Given information:
== Segment start ==

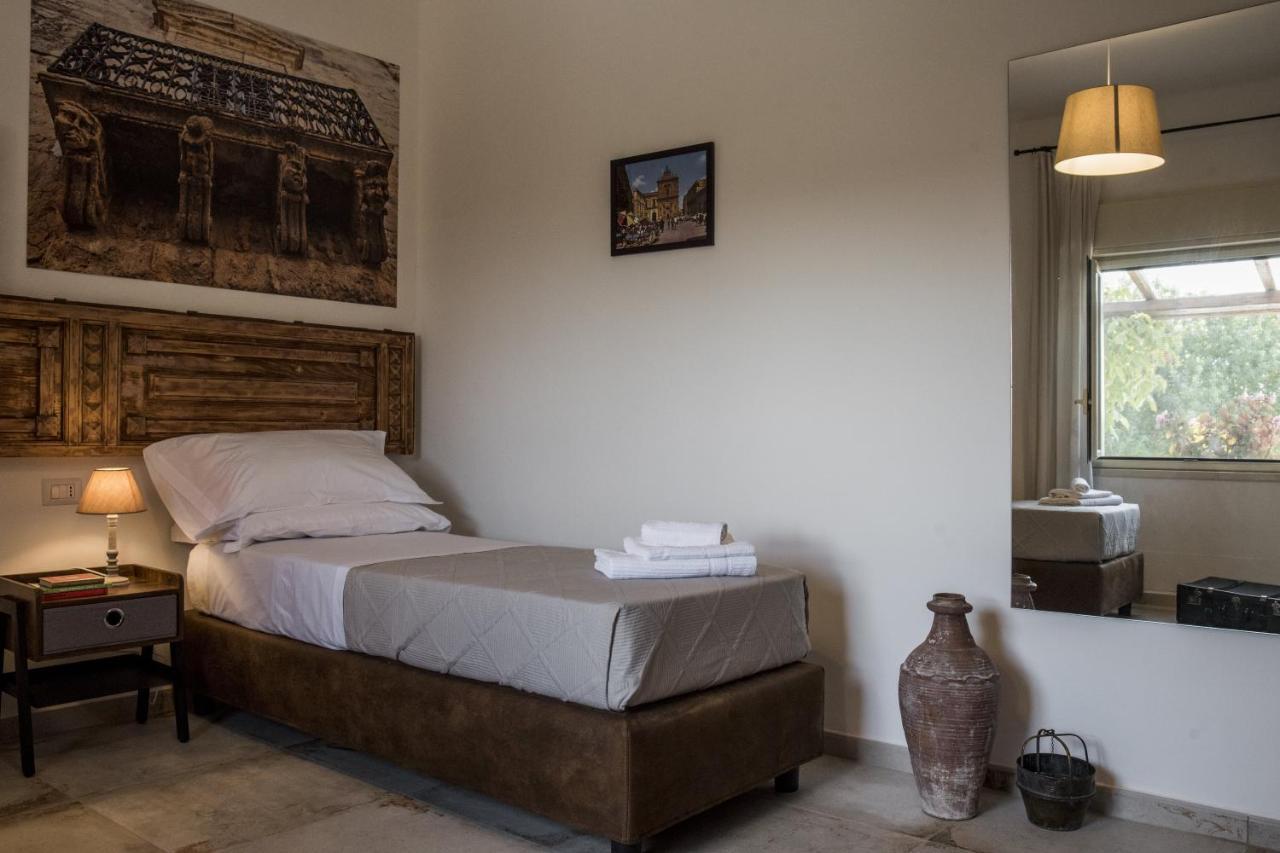 Poggio Vento Country House Guest House Naro ภายนอก รูปภาพ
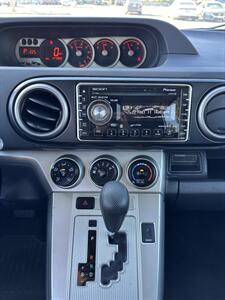 2008 Scion xB   - Photo 11 - Riverside, CA 92505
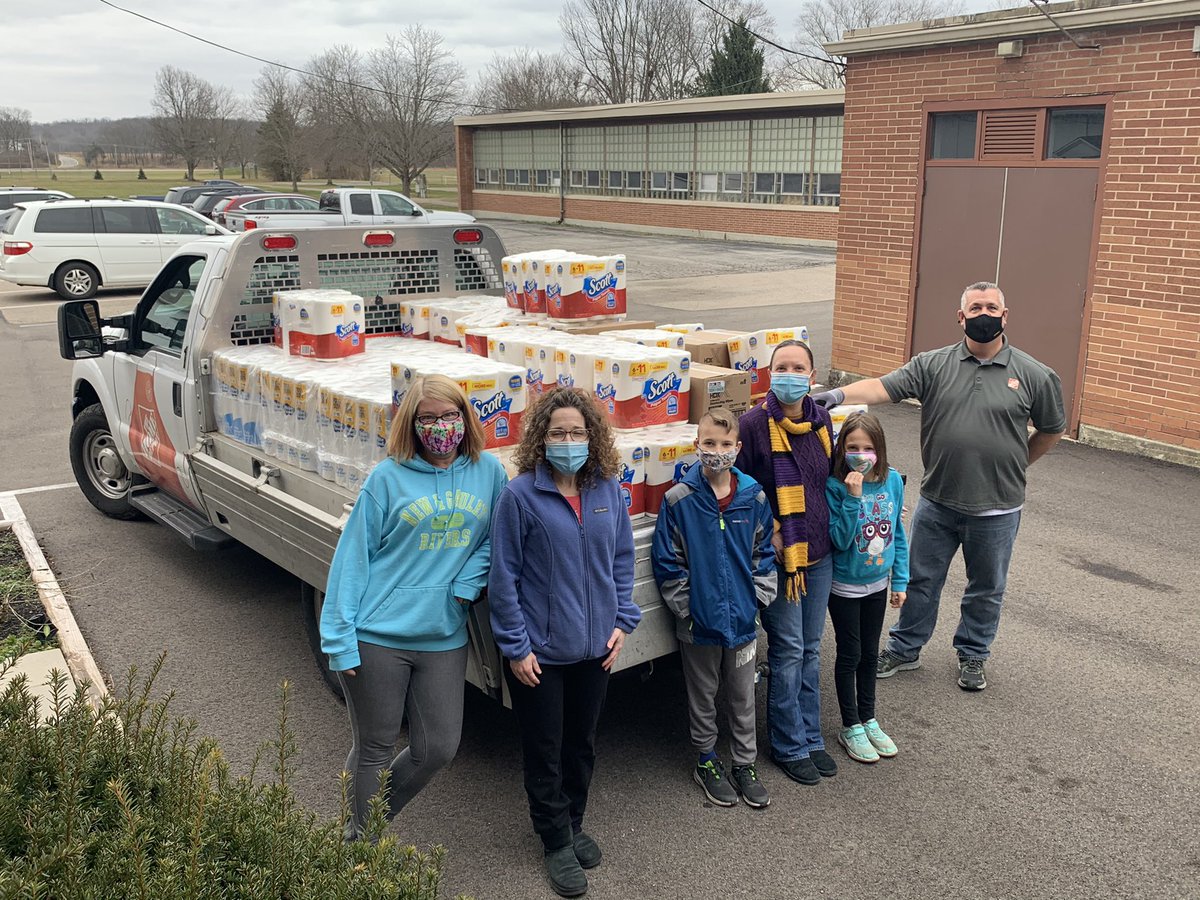 Mike Hershner (@mike_hershner) on Twitter photo #OperationSurprise made it happen !! The Bellbrook-Sugarcreek Community Support Center was very grateful for all the supplies and we are both looking forward to a great partnership this year!!!! <a href="/linda7664/">Linda Maes</a> <a href="/jobej523/">Jobe Jackson ASDS #3854</a> <a href="/Dinju2009/">Justin Santoianni</a> @GardnerD187 <a href="/kelly_broyles/">Kelly Broyles</a> #OperationSurprise made it happen !! The Bellbrook-Sugarcreek Community Support Center was very grateful for all the supplies and we are both looking forward to a great partnership this year!!!! <a href="/linda7664/">Linda Maes</a> <a href="/jobej523/">Jobe Jackson ASDS #3854</a> <a href="/Dinju2009/">Justin Santoianni</a> @GardnerD187 <a href="/kelly_broyles/">Kelly Broyles</a>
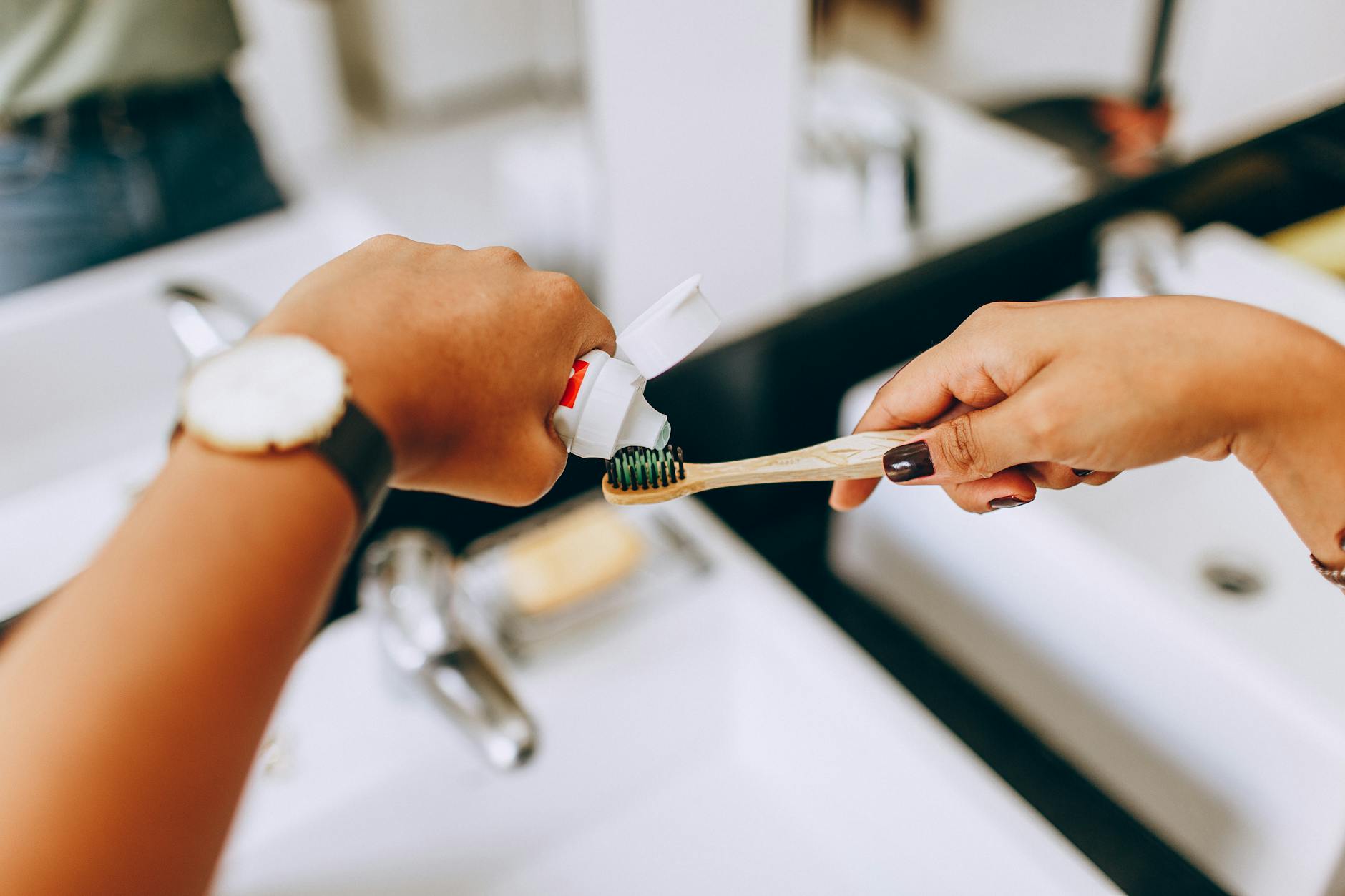 https://www.pexels.com/photo/woman-putting-toothpaste-on-toothbrush-27176876/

== Segment end ==

Task description: Would you retype the material exactly, omitting each picture?

Written solution:
 Poggio Vento Country House Guest House Naro ภายนอก รูปภาพ
 2008 Scion xB   - Photo 11 - Riverside, CA 92505
 Mike Hershner (@mike_hershner) on Twitter photo #OperationSurprise made it happen !! The Bellbrook-Sugarcreek Community Support Center was very grateful for all the supplies and we are both looking forward to a great partnership this year!!!! <a href="/linda7664/">Linda Maes</a> <a href="/jobej523/">Jobe Jackson ASDS #3854</a> <a href="/Dinju2009/">Justin Santoianni</a> @GardnerD187 <a href="/kelly_broyles/">Kelly Broyles</a> #OperationSurprise made it happen !! The Bellbrook-Sugarcreek Community Support Center was very grateful for all the supplies and we are both looking forward to a great partnership this year!!!! <a href="/linda7664/">Linda Maes</a> <a href="/jobej523/">Jobe Jackson ASDS #3854</a> <a href="/Dinju2009/">Justin Santoianni</a> @GardnerD187 <a href="/kelly_broyles/">Kelly Broyles</a>
 https://www.pexels.com/photo/woman-putting-toothpaste-on-toothbrush-27176876/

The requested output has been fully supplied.